Activity: Give back an exact copy of the lines below, from the first through the line with "緑色のぼやけの形をした抽象的な動きの背景 ストック動画"; please stop there.

Data for analysis:
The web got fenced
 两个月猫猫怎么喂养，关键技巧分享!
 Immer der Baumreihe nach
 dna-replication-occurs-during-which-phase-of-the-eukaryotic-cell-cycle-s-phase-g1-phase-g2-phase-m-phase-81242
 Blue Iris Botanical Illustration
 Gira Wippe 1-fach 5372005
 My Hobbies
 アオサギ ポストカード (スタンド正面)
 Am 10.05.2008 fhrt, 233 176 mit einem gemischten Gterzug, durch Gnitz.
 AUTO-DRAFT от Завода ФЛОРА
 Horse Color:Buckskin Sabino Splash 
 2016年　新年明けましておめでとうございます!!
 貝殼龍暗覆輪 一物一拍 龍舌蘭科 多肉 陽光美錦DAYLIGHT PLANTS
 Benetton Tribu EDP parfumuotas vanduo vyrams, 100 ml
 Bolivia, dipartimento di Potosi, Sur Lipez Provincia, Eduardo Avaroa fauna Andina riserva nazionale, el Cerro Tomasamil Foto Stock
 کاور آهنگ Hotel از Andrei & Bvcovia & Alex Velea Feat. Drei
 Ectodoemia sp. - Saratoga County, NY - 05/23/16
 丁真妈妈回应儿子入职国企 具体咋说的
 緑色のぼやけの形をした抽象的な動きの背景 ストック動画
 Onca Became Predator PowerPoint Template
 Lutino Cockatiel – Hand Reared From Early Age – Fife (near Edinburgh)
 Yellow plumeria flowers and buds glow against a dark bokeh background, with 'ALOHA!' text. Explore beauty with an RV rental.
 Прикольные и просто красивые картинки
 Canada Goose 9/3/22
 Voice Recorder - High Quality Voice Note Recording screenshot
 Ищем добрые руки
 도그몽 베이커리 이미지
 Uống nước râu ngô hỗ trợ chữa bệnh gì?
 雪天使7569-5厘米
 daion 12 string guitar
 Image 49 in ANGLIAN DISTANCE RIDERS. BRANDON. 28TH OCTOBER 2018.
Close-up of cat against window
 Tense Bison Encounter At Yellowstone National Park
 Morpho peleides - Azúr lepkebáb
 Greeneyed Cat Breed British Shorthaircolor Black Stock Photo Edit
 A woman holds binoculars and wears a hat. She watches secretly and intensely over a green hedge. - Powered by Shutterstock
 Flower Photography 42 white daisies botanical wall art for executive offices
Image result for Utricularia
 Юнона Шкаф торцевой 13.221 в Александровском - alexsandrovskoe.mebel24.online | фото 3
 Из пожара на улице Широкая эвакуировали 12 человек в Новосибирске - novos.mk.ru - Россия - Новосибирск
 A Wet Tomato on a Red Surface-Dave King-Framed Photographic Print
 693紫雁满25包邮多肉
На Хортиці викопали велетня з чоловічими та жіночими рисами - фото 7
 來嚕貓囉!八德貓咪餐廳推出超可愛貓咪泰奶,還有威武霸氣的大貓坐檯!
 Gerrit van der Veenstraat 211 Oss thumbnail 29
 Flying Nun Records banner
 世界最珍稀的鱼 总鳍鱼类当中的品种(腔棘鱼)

Response:
The web got fenced
 两个月猫猫怎么喂养，关键技巧分享!
 Immer der Baumreihe nach
 dna-replication-occurs-during-which-phase-of-the-eukaryotic-cell-cycle-s-phase-g1-phase-g2-phase-m-phase-81242
 Blue Iris Botanical Illustration
 Gira Wippe 1-fach 5372005
 My Hobbies
 アオサギ ポストカード (スタンド正面)
 Am 10.05.2008 fhrt, 233 176 mit einem gemischten Gterzug, durch Gnitz.
 AUTO-DRAFT от Завода ФЛОРА
 Horse Color:Buckskin Sabino Splash 
 2016年　新年明けましておめでとうございます!!
 貝殼龍暗覆輪 一物一拍 龍舌蘭科 多肉 陽光美錦DAYLIGHT PLANTS
 Benetton Tribu EDP parfumuotas vanduo vyrams, 100 ml
 Bolivia, dipartimento di Potosi, Sur Lipez Provincia, Eduardo Avaroa fauna Andina riserva nazionale, el Cerro Tomasamil Foto Stock
 کاور آهنگ Hotel از Andrei & Bvcovia & Alex Velea Feat. Drei
 Ectodoemia sp. - Saratoga County, NY - 05/23/16
 丁真妈妈回应儿子入职国企 具体咋说的
 緑色のぼやけの形をした抽象的な動きの背景 ストック動画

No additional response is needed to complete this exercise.